De Lyon, ce 20e de mars 1657.

Monsieur, [a][1][2]

Je vous suis parfaitement obligé de tant et tant de bontés que vous avez pour moi, entre autres de trois lettres que j’ai reçues de votre part en peu de jours : l’une en date du 1er du courant, que m’a rendue céans M. Le Roy [3] de Poitiers, [1] l’autre du 6e et enfin, la dernière du 13e du dit. Pour auxquelles répondre, je vous dirai que j’ai été ravi de voir ledit sieur Le Roy qui m’assura de votre bonne disposition et partit d’ici par eau pour continuer son voyage du côté de Montpellier, le 13e de ce mois, en fort bonne compagnie. Je lui baillai un mot de lettre de recommandation, pour M. Courtaud, [4] le doyen. Je n’ai point encore pu apprendre de personne ce que vous me mandez de la mort de M. de Belleval, [5] et ne la crois pas véritable ; mais c’est chose assurée que l’Université de Montpellier [6] est fort malade et à la veille de perdre ce reste d’antique splendeur qu’elle avait tâché de conserver jusqu’ici. Nous commençons d’en voir sortir d’aussi chétifs médecins que des autres universités. Hier encore, il s’en présenta un à notre Collège pour s’y faire agréger[7] lequel se trouve si mal ferré qu’il fut renvoyé pour six mois à refaire son premier acte, qui est l’explication d’un aphorisme d’Hippocrate [8] tel qu’il se rencontre à la fortuite ouverture du livre. Cependant, ledit aspirant, plein de bonne opinion de sa suffisance, menace de se pourvoir en justice contre notre Collège. Nous le verrons venir et sommes résolus de ne point souffrir, à quelque prix que ce soit, que de tels ignorants s’introduisent parmi nous. [2][9] J’espérais de voir à notre assemblée M. Sauvageon [10] pour lui présenter vos baisemains, mais il n’y fut pas et l’on m’a dit du depuis qu’il était malade ; et même, l’on vient de m’apporter céans une épreuve du Varandæus [11] pour la lire à son défaut. [3] Je le veux aller voir pour savoir ce qui lui manque et ne faudrai à lui faire rapport de ce dont vous m’avez donné charge.

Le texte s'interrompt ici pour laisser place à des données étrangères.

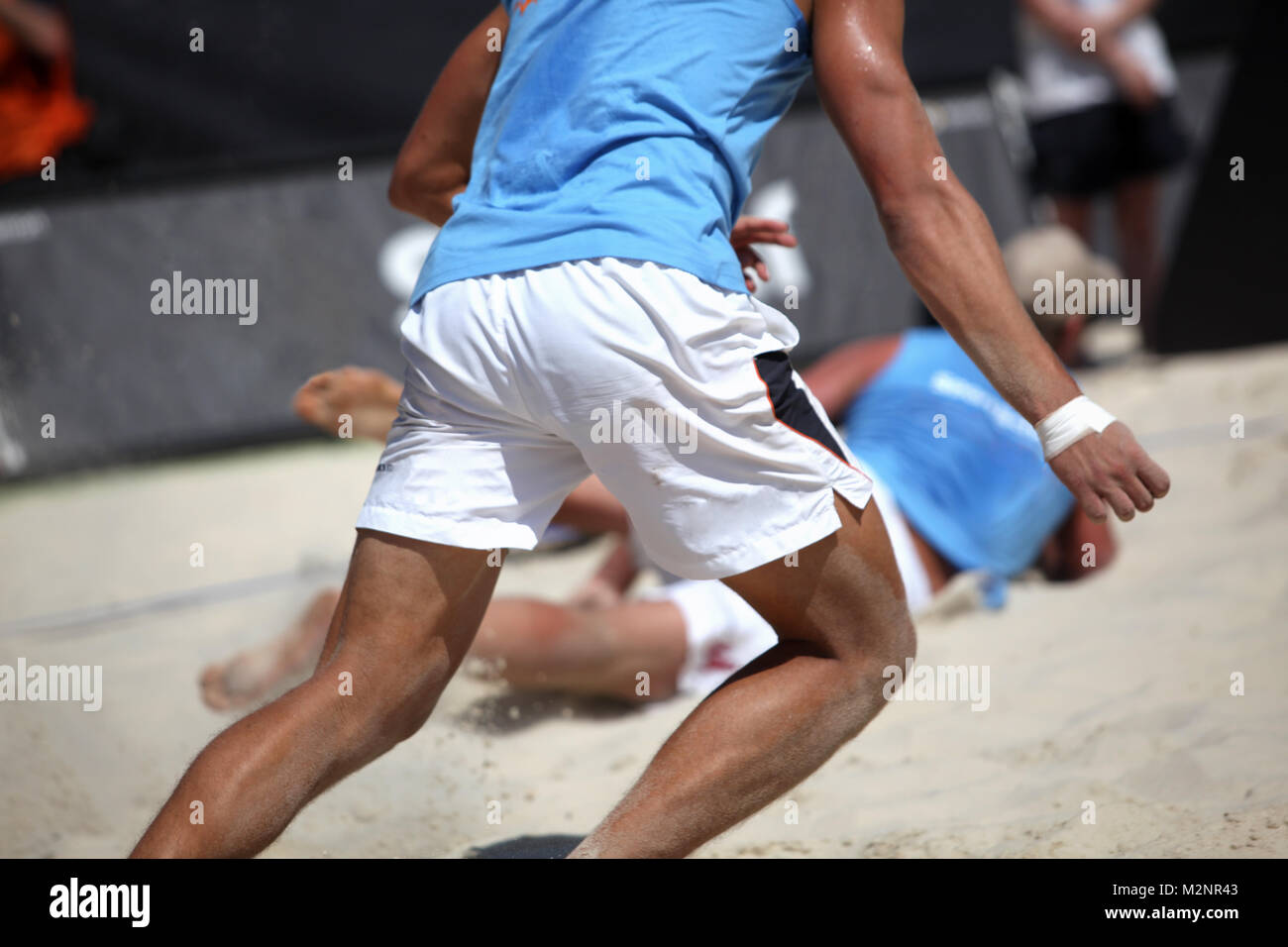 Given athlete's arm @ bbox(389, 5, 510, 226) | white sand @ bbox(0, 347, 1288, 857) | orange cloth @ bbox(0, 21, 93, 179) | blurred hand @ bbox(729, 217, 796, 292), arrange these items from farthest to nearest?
orange cloth @ bbox(0, 21, 93, 179) < white sand @ bbox(0, 347, 1288, 857) < blurred hand @ bbox(729, 217, 796, 292) < athlete's arm @ bbox(389, 5, 510, 226)

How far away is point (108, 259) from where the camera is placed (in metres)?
4.66

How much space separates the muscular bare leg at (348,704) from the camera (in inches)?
58.9

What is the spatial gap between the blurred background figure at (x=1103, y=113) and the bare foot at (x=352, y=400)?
3.63 metres

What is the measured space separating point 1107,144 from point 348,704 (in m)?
4.47

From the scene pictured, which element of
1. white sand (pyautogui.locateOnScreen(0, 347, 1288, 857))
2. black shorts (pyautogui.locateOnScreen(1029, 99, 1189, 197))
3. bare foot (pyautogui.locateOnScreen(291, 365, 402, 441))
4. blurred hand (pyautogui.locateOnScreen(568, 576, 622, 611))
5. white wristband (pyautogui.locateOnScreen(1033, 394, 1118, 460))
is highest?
black shorts (pyautogui.locateOnScreen(1029, 99, 1189, 197))

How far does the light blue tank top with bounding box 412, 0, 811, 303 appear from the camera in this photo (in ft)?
4.90

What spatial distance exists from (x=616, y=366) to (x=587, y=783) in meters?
1.20

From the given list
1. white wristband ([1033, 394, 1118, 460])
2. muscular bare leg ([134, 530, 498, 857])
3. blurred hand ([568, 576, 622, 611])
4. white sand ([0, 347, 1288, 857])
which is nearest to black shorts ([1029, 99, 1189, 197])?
white sand ([0, 347, 1288, 857])

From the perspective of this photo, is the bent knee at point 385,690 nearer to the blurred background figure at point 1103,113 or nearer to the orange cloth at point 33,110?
the orange cloth at point 33,110

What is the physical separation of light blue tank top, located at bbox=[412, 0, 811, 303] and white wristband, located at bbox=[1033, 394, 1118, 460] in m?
0.41

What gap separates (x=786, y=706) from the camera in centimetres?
158

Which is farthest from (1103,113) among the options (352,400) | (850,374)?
(352,400)

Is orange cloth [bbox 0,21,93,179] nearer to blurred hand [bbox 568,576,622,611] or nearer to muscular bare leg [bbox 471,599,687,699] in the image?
blurred hand [bbox 568,576,622,611] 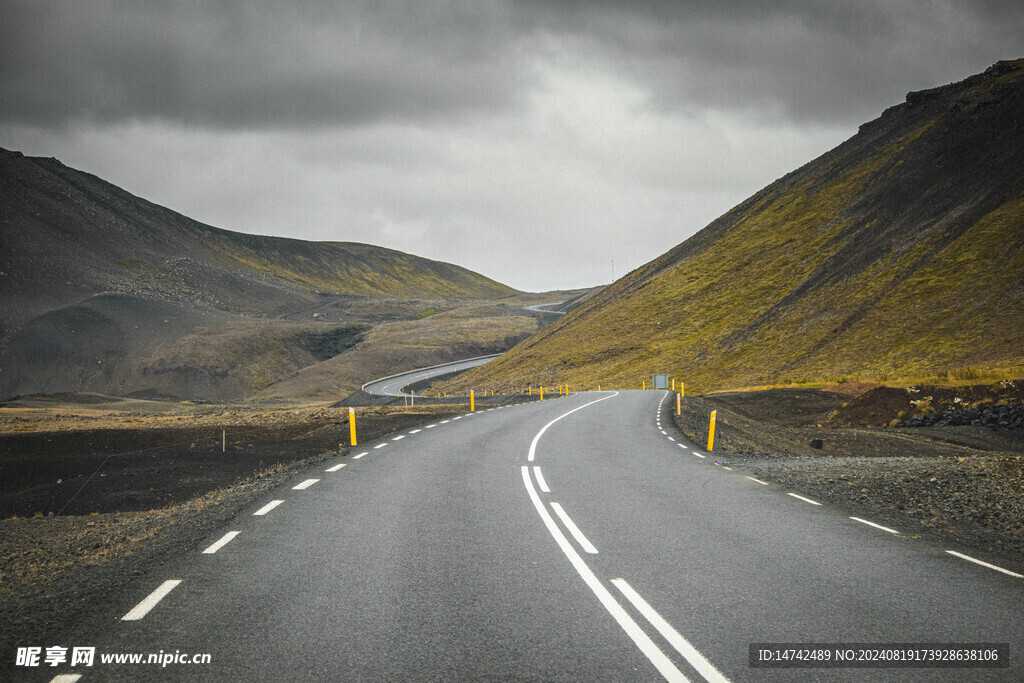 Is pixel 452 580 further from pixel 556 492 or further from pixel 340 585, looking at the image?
pixel 556 492

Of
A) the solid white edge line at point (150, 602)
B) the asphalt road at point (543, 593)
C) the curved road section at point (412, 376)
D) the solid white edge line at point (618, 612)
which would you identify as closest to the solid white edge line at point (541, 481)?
the asphalt road at point (543, 593)

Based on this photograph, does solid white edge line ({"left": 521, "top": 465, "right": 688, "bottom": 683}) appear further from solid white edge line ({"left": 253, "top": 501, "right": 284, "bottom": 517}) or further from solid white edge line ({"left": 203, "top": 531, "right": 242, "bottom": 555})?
solid white edge line ({"left": 253, "top": 501, "right": 284, "bottom": 517})

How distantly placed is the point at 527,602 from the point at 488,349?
4543 inches

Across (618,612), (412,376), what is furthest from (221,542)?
(412,376)

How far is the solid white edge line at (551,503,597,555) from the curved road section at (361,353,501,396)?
63.1 meters

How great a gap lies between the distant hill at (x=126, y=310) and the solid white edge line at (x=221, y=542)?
288 feet

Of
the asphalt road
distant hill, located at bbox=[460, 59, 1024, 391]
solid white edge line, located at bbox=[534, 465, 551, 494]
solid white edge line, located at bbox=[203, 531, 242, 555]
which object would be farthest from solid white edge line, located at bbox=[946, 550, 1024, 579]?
distant hill, located at bbox=[460, 59, 1024, 391]

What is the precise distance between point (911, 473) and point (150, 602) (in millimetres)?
12523

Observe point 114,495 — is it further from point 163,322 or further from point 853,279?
point 163,322

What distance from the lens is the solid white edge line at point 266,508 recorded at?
910 centimetres

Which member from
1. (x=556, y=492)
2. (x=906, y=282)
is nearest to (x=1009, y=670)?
(x=556, y=492)

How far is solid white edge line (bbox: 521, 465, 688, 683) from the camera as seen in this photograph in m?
4.36

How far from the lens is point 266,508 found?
9.48 m

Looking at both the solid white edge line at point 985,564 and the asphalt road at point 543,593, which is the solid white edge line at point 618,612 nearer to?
the asphalt road at point 543,593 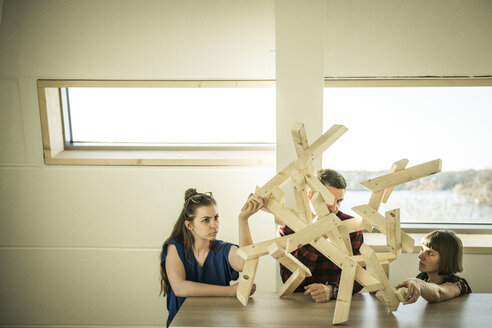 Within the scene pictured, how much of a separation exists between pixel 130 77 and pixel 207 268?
1662mm

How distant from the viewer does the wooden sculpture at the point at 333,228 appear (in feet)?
4.96

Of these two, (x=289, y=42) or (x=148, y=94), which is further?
(x=148, y=94)

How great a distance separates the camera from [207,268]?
6.30ft

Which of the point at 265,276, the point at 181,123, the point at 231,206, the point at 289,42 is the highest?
the point at 289,42

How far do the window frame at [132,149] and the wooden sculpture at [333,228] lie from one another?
1.16 metres

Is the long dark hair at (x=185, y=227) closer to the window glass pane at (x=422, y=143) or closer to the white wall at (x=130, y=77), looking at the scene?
the white wall at (x=130, y=77)

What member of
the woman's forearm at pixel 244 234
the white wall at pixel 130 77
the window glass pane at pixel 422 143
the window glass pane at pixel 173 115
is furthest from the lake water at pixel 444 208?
the woman's forearm at pixel 244 234

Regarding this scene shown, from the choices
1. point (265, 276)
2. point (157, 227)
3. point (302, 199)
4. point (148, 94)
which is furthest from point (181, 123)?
point (302, 199)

M. Guillemin, [12] auquel j’ai fait vos baisemains, m’a prié de vous faire ses excuses sur ce qu’il ne vous a pas encore fait réponse sur celle que vous lui avez ci-devant adressée sous le pli de M. Rousselet, [13] laquelle il avoue avoir bien reçue, mais la disette de sujet (à ce qu’il m’a dit) l’a retenu de s’acquitter si longtemps de son devoir ; ce qu’il fera pourtant de près, à ce qu’il espère.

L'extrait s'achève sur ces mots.